Member of the National Assembly of Pakistan
- In office 2008–2013
- Constituency: NA-161 (Sahiwal-II)

Personal details
- Party: TLP (2025-present)
- Other political affiliations: PPP (2002-2025)

= Ghulam Farid Kathia =

Pakistani politician

Ghulam Farid Kathia is a Pakistani politician who had been a member of the National Assembly of Pakistan from 2008 to 2013.

==Political career==
He ran for the seat of the National Assembly of Pakistan as a candidate of Pakistan Peoples Party (PPP) from NA-161 (Sahiwal-II) in the 2002 Pakistani general election but was unsuccessful. He received 33,016 votes and lost the seat to Rana Tariq Javed, a candidate Pakistan Shia Political Party.

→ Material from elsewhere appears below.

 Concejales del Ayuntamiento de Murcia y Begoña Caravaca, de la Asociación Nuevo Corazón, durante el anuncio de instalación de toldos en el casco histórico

He was elected to the National Assembly from NA-161 (Sahiwal-II) as a candidate of PPP in the 2008 Pakistani general election. He received 38,962 votes and defeated Chaudhry Muhammad Ashraf, a candidate of Pakistan Democratic Party. In November 2008, he was inducted into the federal cabinet of Prime Minister Yousaf Raza Gillani and was appointed as Minister of State for Education where he continued to serve until February 2011.

He ran for the seat of the National Assembly from NA-161 (Sahiwal-II) as a candidate of PPP in the 2013 Pakistani general election but was unsuccessful. He received 10,894 votes and lost the seat to Chaudhry Muhammad Ashraf.